## About this exercise:
This exercise asks for an exact copy of every entry below, with pictures omitted.

## Listed records:
>>>

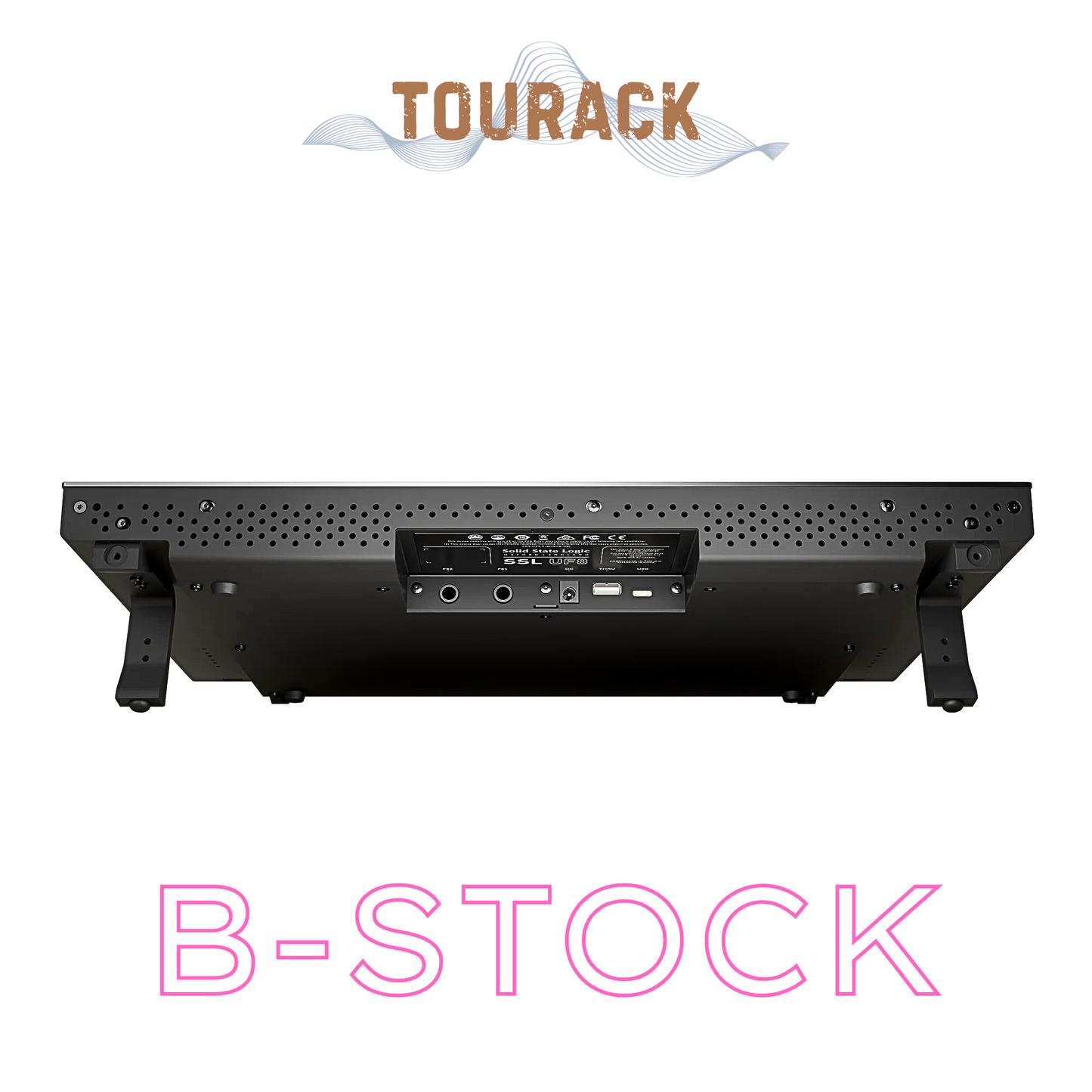 SSL UF8 Eight Fader Multi-Layer DAW Control (B-STOCK)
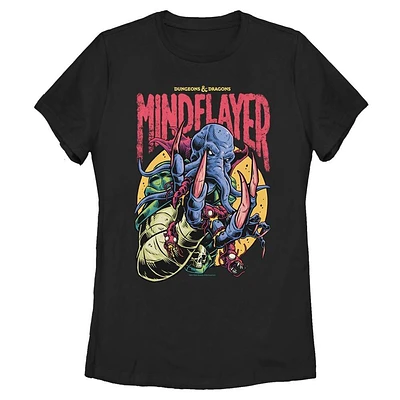 Dungeons and Dragons Mindflayer Womens T-Shirt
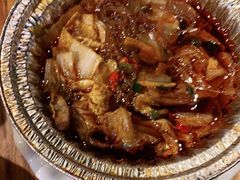 锡纸娃娃菜-超级神炭烤肉夜食(芥园西道店)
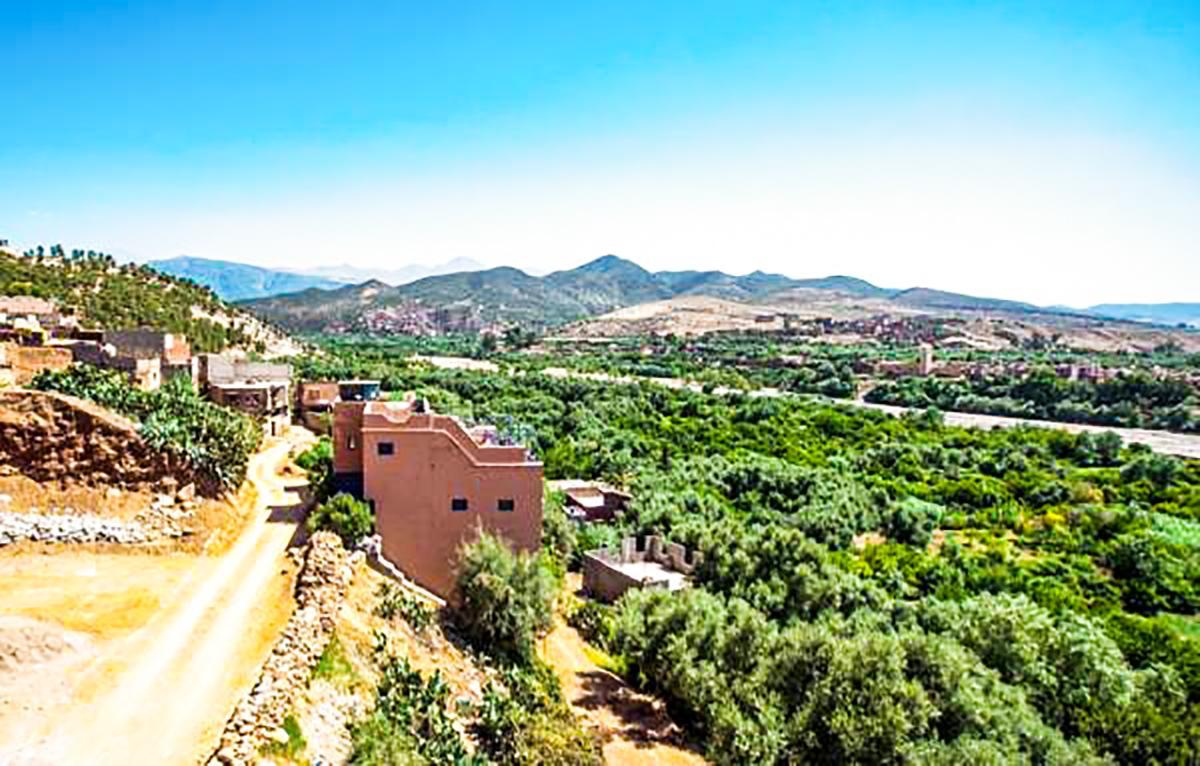 Jad Auberge Ourika Esterno foto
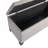 GREY STORAGE OTTOMAN（ONLY OTTOMAN)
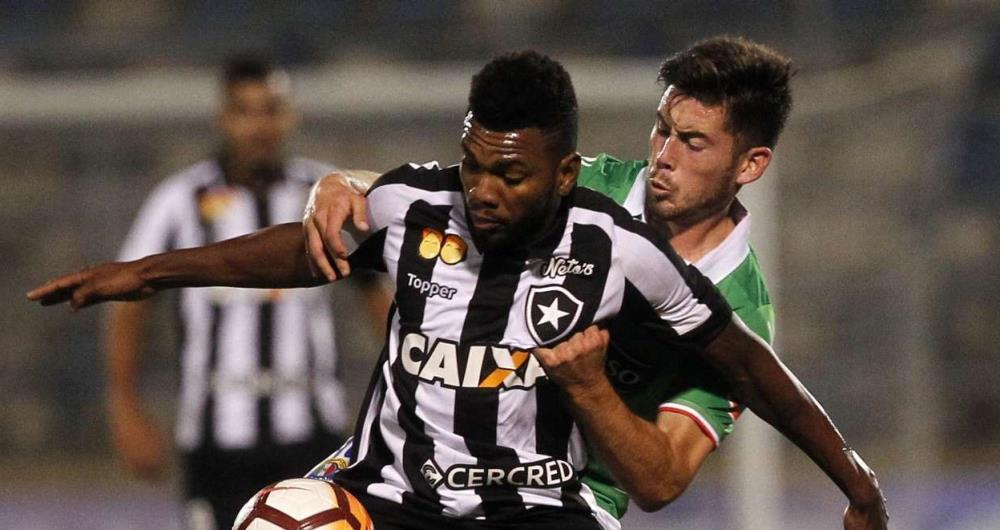 Botafogo conseguiu importante vit�ria na Sul-Americana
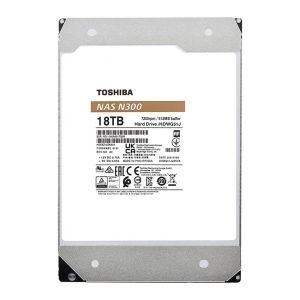 HD Toshiba N300, 18TB, 3.5, 7200 RPM, Cache 512MB, HDWG51JXZSTA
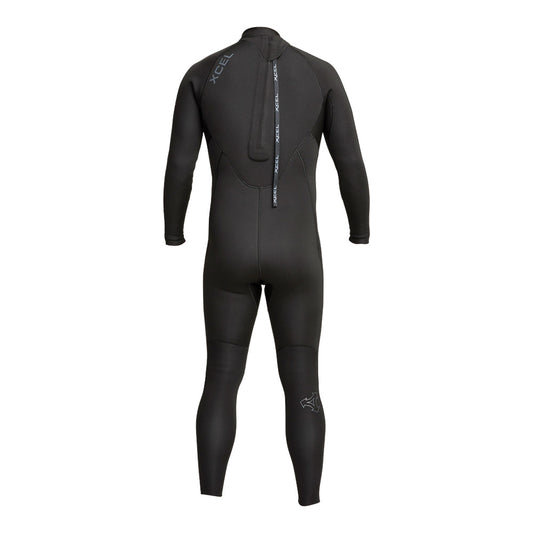 XCEL WETSUITS MEN'S AXIS 3/2MM BACK ZIP FULLSUIT(Xcel Wetsuits Mens Axis 3 2mm Fullsuit)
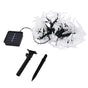 Dragonfly Solar String Lights 30LEDs Solar Powered Fairy Lights Waterproof Outdoor DecorationWarm Light V1294-YM0523-3119210272311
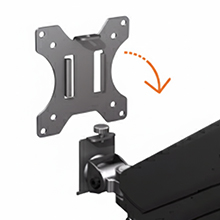 single monitors stand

<<<

## Solution to this task:
 SSL UF8 Eight Fader Multi-Layer DAW Control (B-STOCK)
 Dungeons and Dragons Mindflayer Womens T-Shirt
 锡纸娃娃菜-超级神炭烤肉夜食(芥园西道店)
 Jad Auberge Ourika Esterno foto
 GREY STORAGE OTTOMAN（ONLY OTTOMAN)
 Botafogo conseguiu importante vit�ria na Sul-Americana
 HD Toshiba N300, 18TB, 3.5, 7200 RPM, Cache 512MB, HDWG51JXZSTA
 XCEL WETSUITS MEN'S AXIS 3/2MM BACK ZIP FULLSUIT(Xcel Wetsuits Mens Axis 3 2mm Fullsuit)
 Dragonfly Solar String Lights 30LEDs Solar Powered Fairy Lights Waterproof Outdoor DecorationWarm Light V1294-YM0523-3119210272311
 single monitors stand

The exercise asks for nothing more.